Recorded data
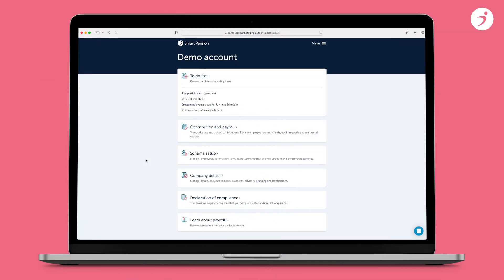Welcome to your Smart Pension video on how to fix upload errors. When you upload your PAPDIS file, you may occasionally get an error message. We want to make your pension administration as seamless as possible, saving you time and possible late notifications. We know that identifying upload errors can be tricky, but we're here to help.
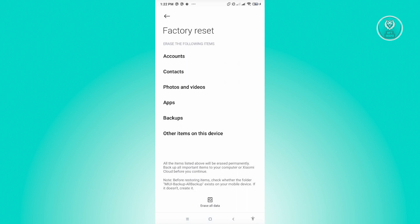If factory resetting doesn't solve your issue, then unfortunately, the issue is with the device itself. It might be some of the pixels on your phone, meaning the screen itself is encountering hardware issues.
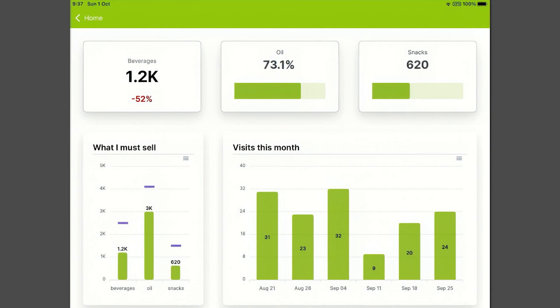Here we can see data on specific products. It can be presented as sales figures, percentage growth, or units sold. You can configure it so your reps see the must-sell items and how they align with their targets, represented by the purple line in the What I Must Sell section.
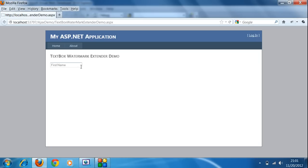You can see the text box is by default filled with 'First Name' as a watermark. When the user clicks on the text box, the watermark disappears and you can write the first name, like 'Sam'. If the user deletes the content of the text box, the watermark appears again. I hope you liked this video tutorial — thank you very much.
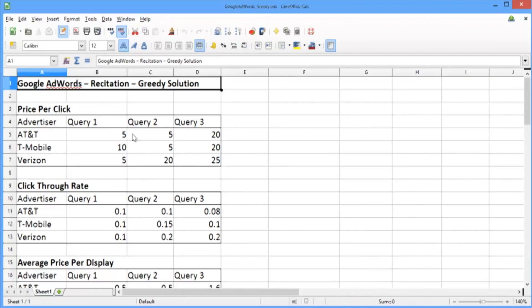In the previous video, we used linear optimization to allocate ads. In this video, we're going to use a greedy approach to allocate ads to queries. The approach is called greedy because we allocate the ads sequentially and prioritize which combinations of ad and query to use based on the average price per display.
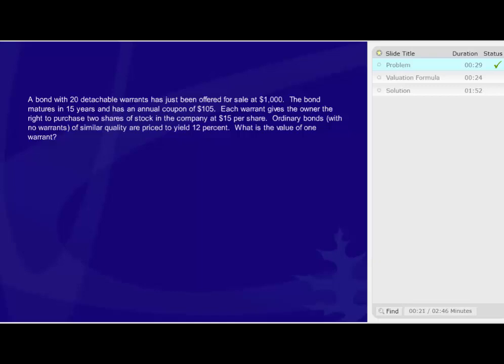Ordinary bonds with no warrants of similar quality are priced to yield 12%. What is the value of one warrant?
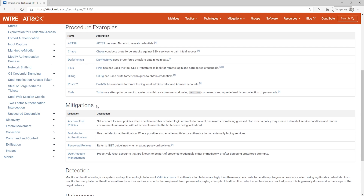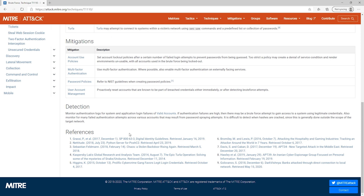For instance, for brute force, which is what we clicked, we can apply an account use policy — we can set account lockout policies and also implement multi-factor authentication. If we keep scrolling down, we'll see a detection method and we can also see references. This is a really good resource that you can use in order to make your network more secure.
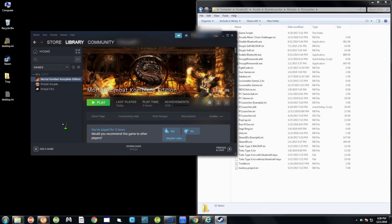Today we're going to learn how to add Steam games to HyperSpin — or really to RocketLauncher, because that's where everything runs behind the scenes. This is pretty easy to do once you have your game in your Steam library.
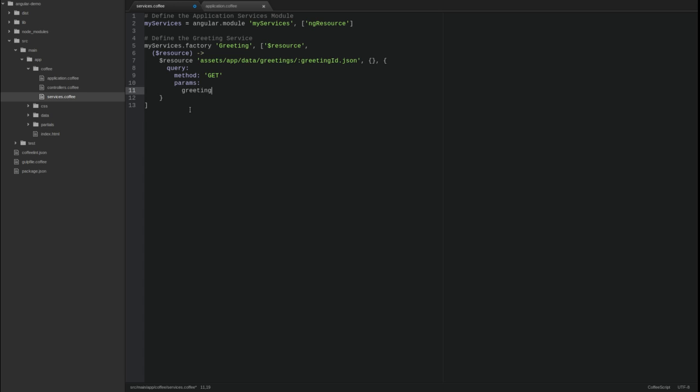The second parameter is an empty object. This is the default param values. For example, if we wanted the greeting ID parameter to always have a default value, we would supply it here. The hash keys are parameter names, and the hash value is the default parameter value.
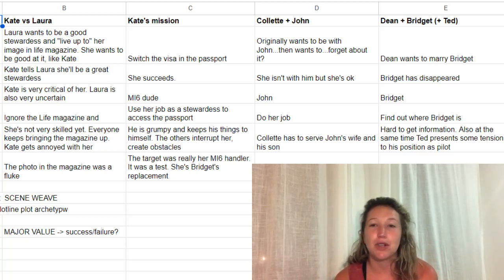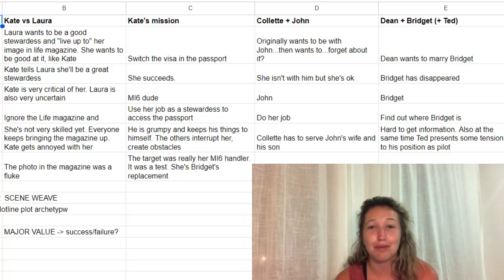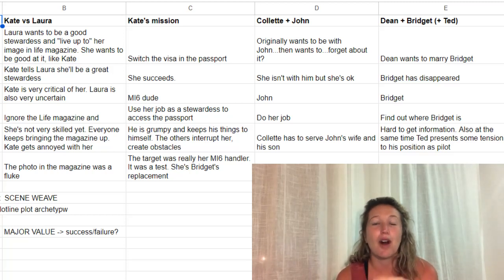And then there's the Dean-and-Bridget plot with a side of Ted. Dean's desire is to marry Bridget. His opponent is Bridget. His plan is to find out where Bridget is. The conflict is he's having a hard time getting the information — Bridget is not talking to him — and Ted presents some tension to his position as pilot. The twist-reveal is that Bridget was a spy and now she's gone, although Dean does not know she was a spy or that she's permanently gone. The end point is Bridget has disappeared and Dean is not with her, but Ted offers some friendship.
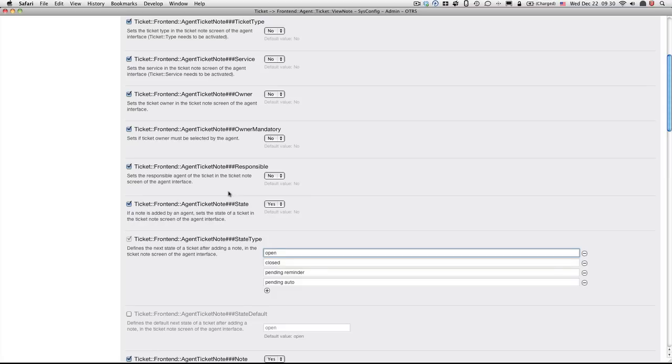And as soon as the screen is refreshed, we can go ahead and go back into the note ticket, or the ticket in the note screen, and we will see that the setting has been applied to the system.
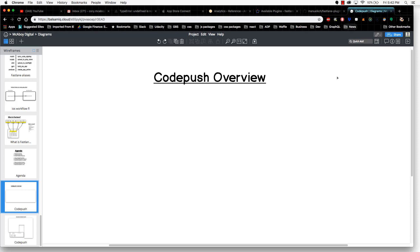Hello everyone and welcome to my course on CodePush for React Native. CodePush is a very powerful application that allows React Native developers to instantly deploy updates to their production apps without having to go through the Google Play Store or Apple App Store.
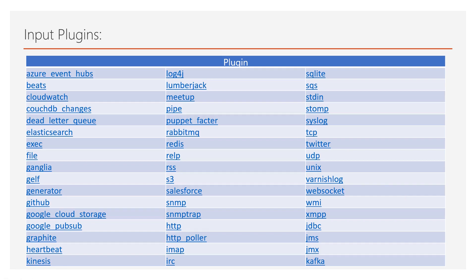As you can see, this is the list of input plugins for Logstash, which includes Kafka, GMS, JDBC, Log4j, Azure, SQLite, File, and HTTP.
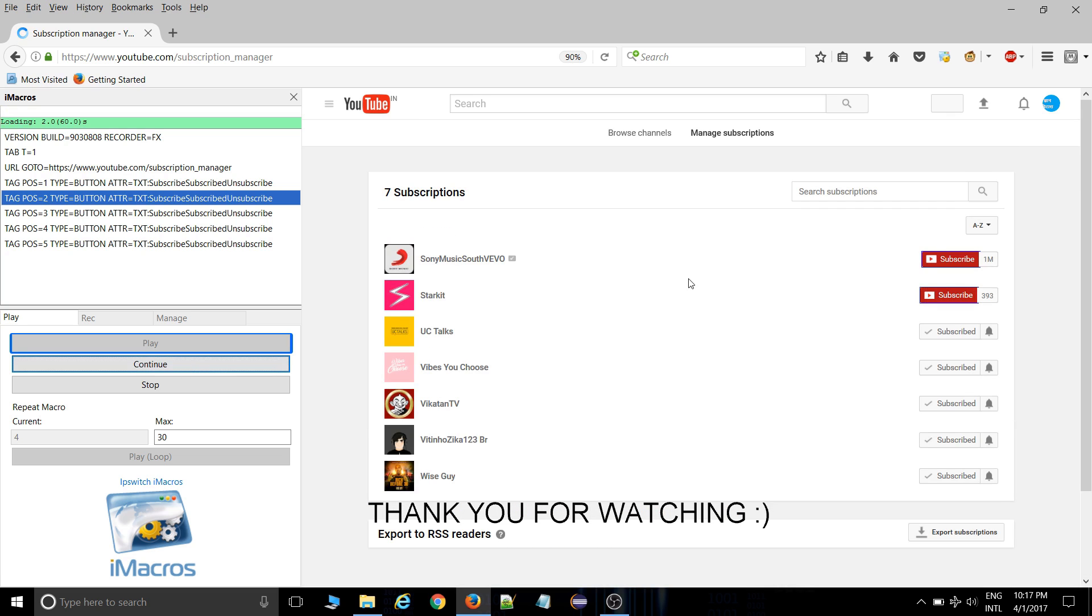Okay. So I hope you have loved this video. And thanks for watching. And give a thumbs up. We will meet in next video. Bye bye. And take care. Bye bye.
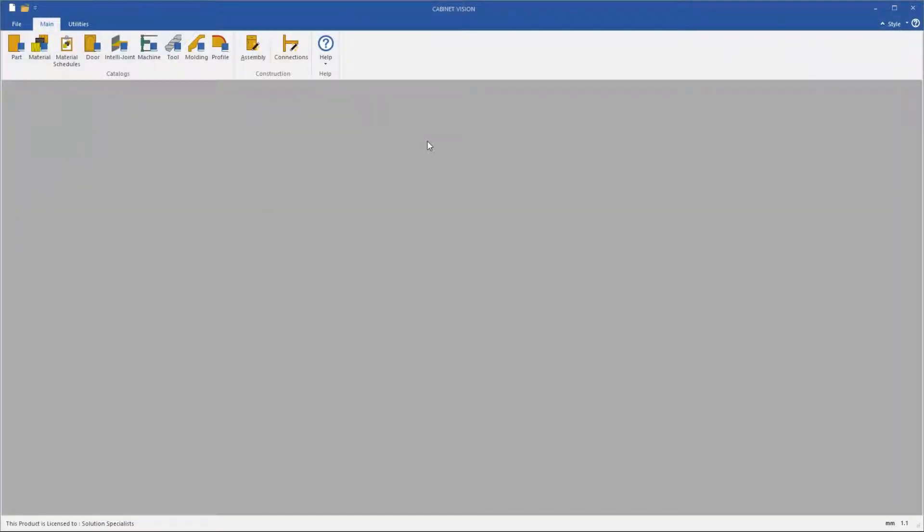Hello everyone, my name is Michael from Planet Australia, and today we're going to learn how to use Cabinet Vision 2021's new feature, Creating Keyboard Shortcuts.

YOUR GOAL -
Retype the data word for word, please, and keep the images out.

RESULT OF THE TASK -
Welcome to your Smart Pension video on how to fix upload errors. When you upload your PAPDIS file, you may occasionally get an error message. We want to make your pension administration as seamless as possible, saving you time and possible late notifications. We know that identifying upload errors can be tricky, but we're here to help.
If factory resetting doesn't solve your issue, then unfortunately, the issue is with the device itself. It might be some of the pixels on your phone, meaning the screen itself is encountering hardware issues.
Here we can see data on specific products. It can be presented as sales figures, percentage growth, or units sold. You can configure it so your reps see the must-sell items and how they align with their targets, represented by the purple line in the What I Must Sell section.
You can see the text box is by default filled with 'First Name' as a watermark. When the user clicks on the text box, the watermark disappears and you can write the first name, like 'Sam'. If the user deletes the content of the text box, the watermark appears again. I hope you liked this video tutorial — thank you very much.
In the previous video, we used linear optimization to allocate ads. In this video, we're going to use a greedy approach to allocate ads to queries. The approach is called greedy because we allocate the ads sequentially and prioritize which combinations of ad and query to use based on the average price per display.
Ordinary bonds with no warrants of similar quality are priced to yield 12%. What is the value of one warrant?
For instance, for brute force, which is what we clicked, we can apply an account use policy — we can set account lockout policies and also implement multi-factor authentication. If we keep scrolling down, we'll see a detection method and we can also see references. This is a really good resource that you can use in order to make your network more secure.
Today we're going to learn how to add Steam games to HyperSpin — or really to RocketLauncher, because that's where everything runs behind the scenes. This is pretty easy to do once you have your game in your Steam library.
The second parameter is an empty object. This is the default param values. For example, if we wanted the greeting ID parameter to always have a default value, we would supply it here. The hash keys are parameter names, and the hash value is the default parameter value.
And then there's the Dean-and-Bridget plot with a side of Ted. Dean's desire is to marry Bridget. His opponent is Bridget. His plan is to find out where Bridget is. The conflict is he's having a hard time getting the information — Bridget is not talking to him — and Ted presents some tension to his position as pilot. The twist-reveal is that Bridget was a spy and now she's gone, although Dean does not know she was a spy or that she's permanently gone. The end point is Bridget has disappeared and Dean is not with her, but Ted offers some friendship.
And as soon as the screen is refreshed, we can go ahead and go back into the note ticket, or the ticket in the note screen, and we will see that the setting has been applied to the system.
Hello everyone and welcome to my course on CodePush for React Native. CodePush is a very powerful application that allows React Native developers to instantly deploy updates to their production apps without having to go through the Google Play Store or Apple App Store.
As you can see, this is the list of input plugins for Logstash, which includes Kafka, GMS, JDBC, Log4j, Azure, SQLite, File, and HTTP.
Okay. So I hope you have loved this video. And thanks for watching. And give a thumbs up. We will meet in next video. Bye bye. And take care. Bye bye.
Hello everyone, my name is Michael from Planet Australia, and today we're going to learn how to use Cabinet Vision 2021's new feature, Creating Keyboard Shortcuts.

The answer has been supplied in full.